Of course, N'kosi Sikelel' iAfrica, the song of resistance of South Africa and the South African freedom fighters is now known as the National Anthem of South Africa, again showing the influence of Mr. Mandela and the tools he used on the continent itself. In other words, it is not a case of a leader whose influence was geographically limited to the country in which he was fighting the struggle, which could not be said of many of the others who fought wars of independence. I will come back to that in a little while.
The National Anthem N'kosi Sikelel' iAfrica is probably more widely known than any other anthem today, with the exception of the stars and stripes. However, unlike the stars and stripes, it is a politically popular anthem and linked to Mr. Mandela and his people’s successfully shared struggle against the second most heinous form of racism this world has experienced.

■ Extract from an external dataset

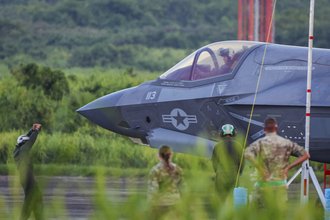 The nose and cockpit of a fighter jet on a runway surrounded by greenery, as two people in military fatigues look on. Two aircraft marshallers stand on the runway wearing white and green helmets, one with his arms raised.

The switch to the international stage from the national struggle is really... I am just emphasising one of the special features of Mr. Mandela’s contribution to the exercise of overthrowing apartheid. As was mentioned earlier, it is true both India and China as countries, long before they were independent, contributed together with the struggle domestically, in Guyana for example, to the abolition of Indentureship. The same could not be said of the abolition of slavery as such. But in relation to apartheid, there were many individuals, non-state actors in and out of South Africa, as well as a range of states – not simply a state from which these people emanated – contributed to tightening a ring of sanctions around South Africa, raising awareness of the actions of the Government of South Africa and, in the process, building a resistance to apartheid. Many of them were inspired by Mr. Mandela and his team of leaders. I am not going to go through those names again because people have been mentioning them. The point I want to make is that the capacity to hold the struggle together in immeasurably difficult circumstances was also a result of Mr. Mandela and his leadership being able to project what we now call, in another context, a rainbow leadership – a leadership of many political and ethnic colours. That is important.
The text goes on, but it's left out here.